Vanmorgen ben ik gewekt door een warme natte snuit tegen mijn wang. De hond van mijn dochter heeft mijn slaapplek op de bovenste verdieping snel gevonden. Hij kwispelt met zijn grote zwarte staart en is meteen al klaar voor een spelletje. Mijn schoenen naast het bed zijn opeens niet meer veilig en ook mijn sokken zijn een heerlijk speelobject, vooral als ik ze terug wil hebben. Nog even lekker in zijn dikke vacht aaien en dan is het tijd om op te staan.
Het is een rustige straat waar ik even later wandel met de hond. “Vandaag beslist niet trekken”, zeg ik en ik vul nog aan: “Je moet voorzichtig zijn met oude mensen, want die zijn niet meer zo soepel en hebben soms ergens pijn”. Alsof hij mijn woorden begrijpt, loopt hij, ondanks zijn speelse karakter en zijn jeugdige vitaliteit, heel rustig aan de riem. Ik verwonder me daarover. Geen getrek en geruk, zoals hij anders wel eens doet. Van deze momenten samen met de hond kan ik ontzettend genieten. Soms mis ik dan een eigen hond, maar deze wandelingen vergoeden veel.
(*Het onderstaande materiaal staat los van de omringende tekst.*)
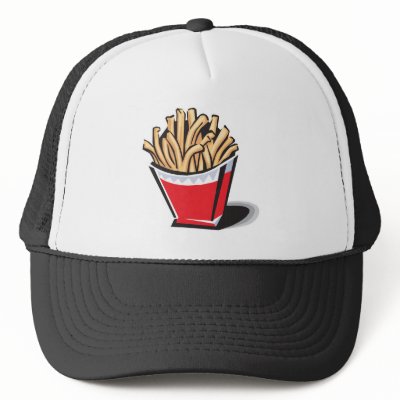 retro french fries design trucker hats by doonidesigns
Rechts van het trottoir is een brede strook gras met bomen. Het dier scharrelt wat rond en aan de bewegingen van de staart is te zien, dat hij zich prima vermaakt. Er valt ook van alles te ruiken en dat is interessant. Plotseling zie ik hem echter met zijn achterlijf naar beneden gericht vreemd ronddraaien. Mijn hand gaat al naar mijn jaszak, maar terwijl ik dat doe, weet ik al dat het een vruchteloos gebaar is. Ik ben het helemaal vergeten, zo’n groen gekleurd plastic zakje mee te nemen om de poep op te ruimen.
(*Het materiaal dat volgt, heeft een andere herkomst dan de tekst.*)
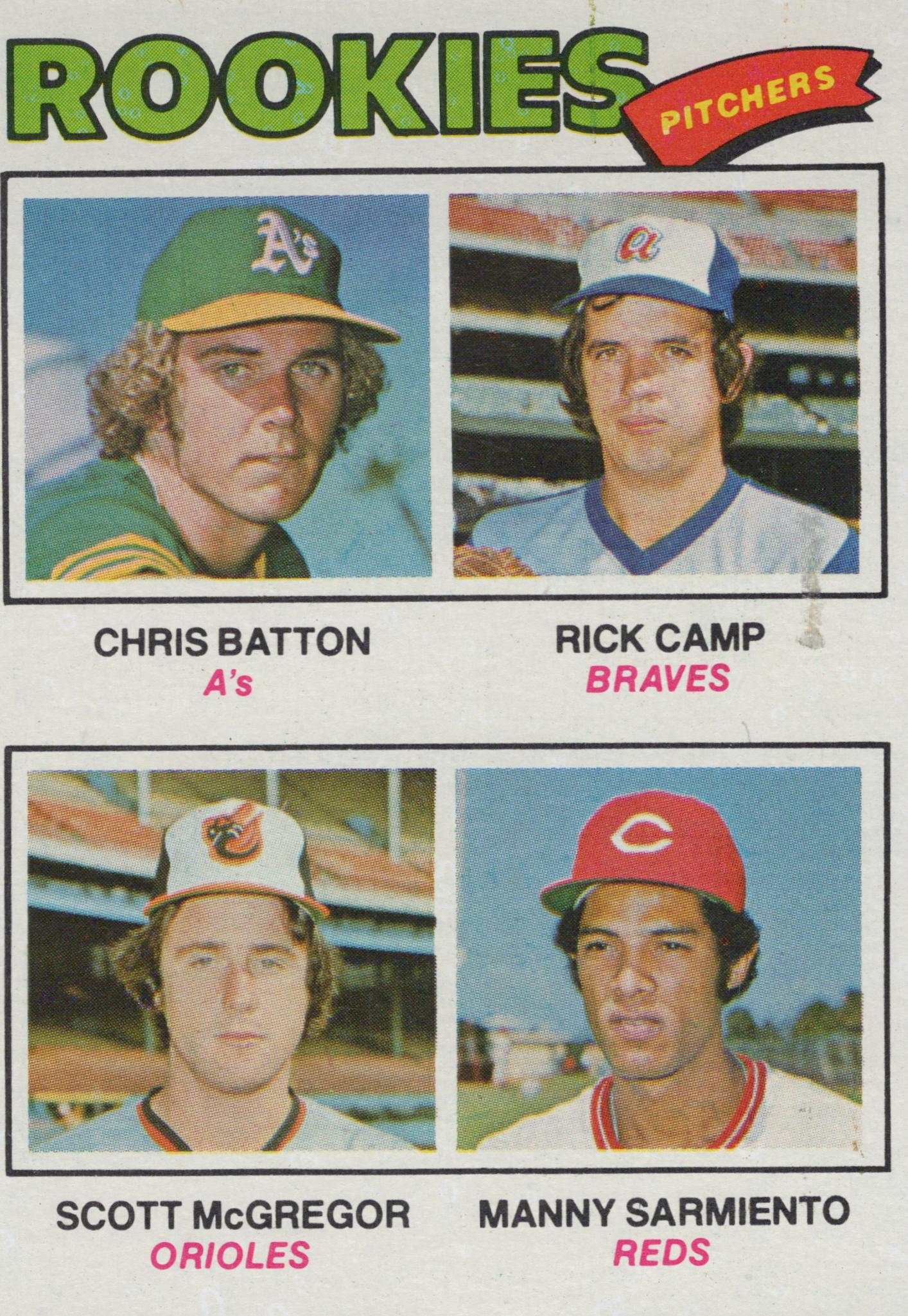 Pitchers Topps 1977 MLB Topps Rookie Pitchers 475 Braves Reds Orioles Athletics Card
Ik kijk om me heen. Geen mensen te zien. Zal ik het hier zomaar laten liggen? Ik herinner me de tijd lang geleden, toen we nog niet van poepzakjes hadden gehoord en daarom ook op momenten als dit beslist geen problemen hadden. Maar nu is dat anders. We zijn verplicht om het op te ruimen en dat is natuurlijk ook veel netter. Ik kijk nog even om me heen. Staat er misschien iemand van achter een raam te kijken naar wat er hier gebeurt? Wat moet ik nu?
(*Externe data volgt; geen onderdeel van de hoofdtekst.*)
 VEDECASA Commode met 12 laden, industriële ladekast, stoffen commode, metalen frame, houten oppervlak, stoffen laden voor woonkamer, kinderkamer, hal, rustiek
Mijn rechterhand glijdt voor de tweede keer in de zak van mijn jas. Een pakje papieren zakdoekjes en een wit mondkapje. Zo’n klein gevalletje, waar je tegenwoordig beslist niet meer zonder kunt. Ik heb ze in mijn tas en in mijn jas, ze liggen in de hal en in de auto. Overal voor het grijpen, omdat je ze nodig kunt hebben. Maar die plastic zakjes, daar ben ik nog niet zo in getraind.
Ik haal het mondkapje tevoorschijn. Het is steviger dan de zakdoekjes, dus vouw ik het kapje langzaam open, terwijl de hond rustig staat te wachten, wetend wat er gaat gebeuren na zijn poepproductie. Zou het mondkapje groot genoeg zijn? Zo’n grote hond deponeert een aardige hoeveelheid. Ik buk me om de schade op te nemen en schuif het witte kapje voorzichtig onder het bruine, grijze, nog warme spul. Het past er bijna helemaal in. Dan knoop ik de beide witte touwtjes aan elkaar en sta weer op. Zo, keurig geregeld. Bij een bushalte verdwijnt een paar minuten later het mooie witte, inmiddels rijk gevulde mondkapje in de donkere opening van de afvalbak.
Ik mijmer op de terugweg nog na over het gebeurde. Ik weet dat vriendschap met een hond niet vanzelfsprekend is. Het is net als bij mensen. Je moet zo’n relatie opbouwen en onderhouden. Ook respect ten opzichte van elkaar hoort daarbij. Ik denk, dat de hond aanvoelt, zonder dat ik dat kan uitleggen, dat ik hem aardig vind. Hij respecteert dat ik vandaag niet kan hollen en daar staat tegenover, dat ik zijn uitwerpselen opruim. Dat doen we gewoon. Ook minder leuke dingen horen bij vriendschap.